[sborsje]

There's a near-infinite amount of not-so-small gotchas when implementing magic links:

- If magic links are the only way to sign in, authentication success rate is now directly tied to your email deliverability rate.

- Single-use tokens (immediately expiring after clicking) can be followed by spam filters, and thus immediately become invalid for the actual user trying to sign in.

- MTAs using greylisting can cause unexpected delays in email delivery.

- If a session audit trail is implemented, malware scanners following links might cause sessions from unexpected locations showing up.

etc.

[matsemann]

Also, they only work if I have an e-mail client on the device I'm trying to log in from.
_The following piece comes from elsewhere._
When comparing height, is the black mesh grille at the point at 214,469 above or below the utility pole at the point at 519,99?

Otherwise having to transfer this link becomes a burden.

Additionally, even if I do have the e-mail on my device, clicking the link on mobile often opens it up inside some alternative web-view. Thus the session is tied to my e-mail client, not my actual browser.

[pritambaral]

This wouldn't be a problem if the Magic Link was used only to authenticate your original login session, and not to start a new session wherever it was opened. Like I mention here: https://news.ycombinator.com/item?id=32081608

[timwis]

Great points! The deliverability (and delay) issue is the one I’ve found most challenging. For the others, here are some mitigations I’ve come across:

- instead of single use tokens, set them to expire within 60 mins

- to prevent spam/malware checkers signing in when following the links, have the magic link take you to a page with a sign in button to ‘complete’ the sign in process. And, optionally, add some JS that clicks it for you on page load. This is the same approach used for unsubscribe links.